Ciao Silvia, ammetto che sono qui per caso in quanto amico di Stratobabbo, anche se vi ho già letto qlc volta. Ma l’argomento era molto interessante e anch’io con Silvia (12 anni) ho seguito lo stesso tuo percorso per quanto riguarda Mandela, ovvero guardando Invictus un paio di anni fa … E ne è stata molto colpita e in questi giorni ne ha parlato lei per prima in classe con la prof. Credo che uno dei modi per coinvolgere ed interessare i nostri figli sia quello di usare quante più fonti possibili, e di tutti i tipi, in modo da stimolarne curiosità e far vedere diversi aspetti della stessa questione. Anche se un po’ fuori tema, abbiamo usato questo approccio con la serie di film di don Camillo, abbinando i libri di Guareschi, i film e la gita a Brescello per poi raccontare che la vita anche qui da noi (Vicenza) fino a poco tempo fa non era molto diversa da quella raccontata da Guareschi. Oppure l’abbiamo fatto partendo da Fantasia di Walt Disney e proseguendo con il cd dello schiaccianoci e di altre opere di Tchaikovski e completando con un concerto di un’orchestra dal vivo. E poi, come dicevate sia tu che Gaetano, non troppe informazioni ma neanche troppo poche, proprio perché l’interesse e la curiosità devono venire da loro in prima persona … Noi dobbiamo “solo” accompagnarli e, se possibile indicare la strada da seguire
Come genitori, Silver ed io, iniziamo solo ora ad affrontare il problema (“Ma Berlusconi è cattivo?” ha chiesto Maria qualche giorno fa). Per cui non so se riesco a dare un contributo… Riconosco però ai miei di avermi cresciuto coltivando la mia curiosità. Non hanno mai speso troppe parole per raccontare ma non hanno soffocato la mia voglia di sapere. Il tuo approccio mi piace molto: se vuoi un film su Mandela e sennò Star Trek. Non si può conoscere i grandi controvoglia (penso a quanto schifo facevano i libri, pur belli, che ci costringevano a leggere a scuola). Io per ora mi accontento che imparino un semplice concetto di bene e male dai supereroi.
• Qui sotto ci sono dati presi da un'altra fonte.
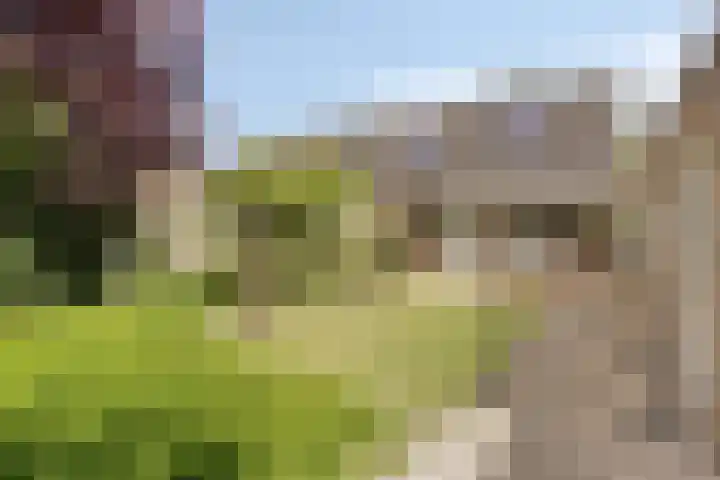 Schoenmakersstraat 2 Best thumbnail 38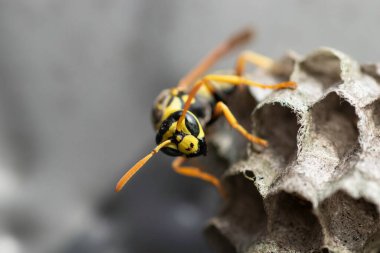 Eşek arısı ve evi metal bir kutunun içinde, küçük bir eşekarısı evi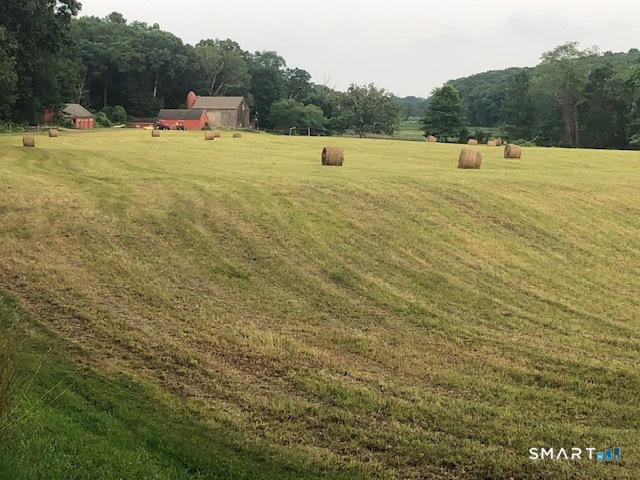 90 Duck Hole Road Guilford, CT 06437 - Photo 3 of 38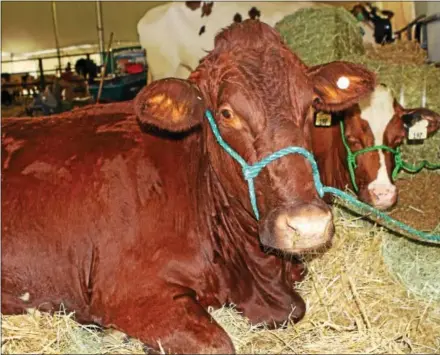  ?? CHRIS BARBER — DIGITAL FIRST MEDIA ?? A cow relaxes at the Unionville Community Fair.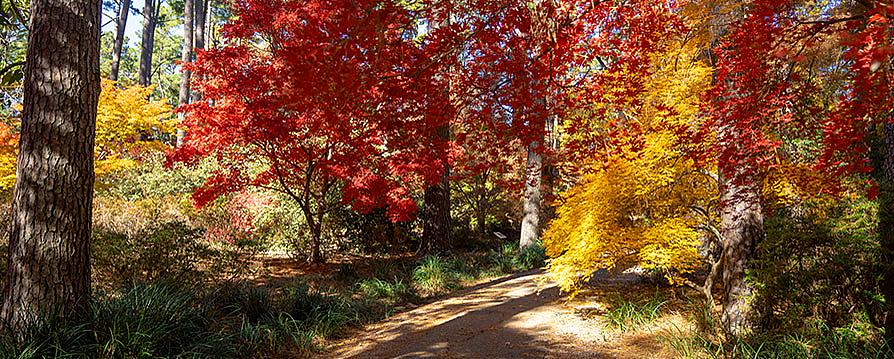 fall trees
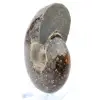 Polished ammonite from Madagascar - 3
Grazie per la citazione… onorato di aver contribuito al dialogo.
Grazie per questo post, Silvia. Mi vengono in mente un guazzabuglio di commenti, che cerco qui di sintetizzare. 1. (Leggermente OT) Permettetemi una pedanteria: la storia bisognerebbe saperla raccontare non lineare anche quando è antica. La storia è storia. Se ci abituiamo fin da piccoli alle definizioni (a volte singolarmente idiote, e più si va indietro nel tempo cronologico più sono idiote) della storia ufficiale, si diventerà adulti che cercano la versione ufficiale anche nella storia contemporanea. E’ fatale. Se i fenici erano (tutti!) abili navigatori e scaltri mercanti, si fa presto a far passare la versione che i congolesi sono endemicamente predisposti al conflitto etnico, e via così. Un bravo insegnante/genitore dovrebbe coltivare sani dubbi nell’alunno/figlio. E’ tutta una questione di metodo, insomma. 2.Ieri per puro caso ho guardato prima distrattamente e poi sempre più coinvolta “5 giorni d’agosto”, un classico filmone holliwoodiano sulla guerra russo-giorgiana del 2008. Soprassedendo sul valore “storico” di un film schierato come quello (qui si esprimono alcuni legittimi dubbi, ad esempio http://www.balcanicaucaso.org/aree/Georgia/La-guerra-russo-georgiana-vista-da-Hollywood-99948), mi ha colpito moltissimo il fatto che era la prima volta che sentivo parlare di quella guerra. Nel 2008 i profughi erano il mio mestiere, per dir così, da 8 anni. Tutto ciò avveniva in luogo geograficamente abbastanza vicino. Eppure… Credo che prima ancora di raccontarle, le storie che fanno la storia, dobbiamo impegnarci ogni giorno per riuscire ancora a sentirle, noi per primi, nell’incredibile rumore di fondo che avvolge le nostre vite.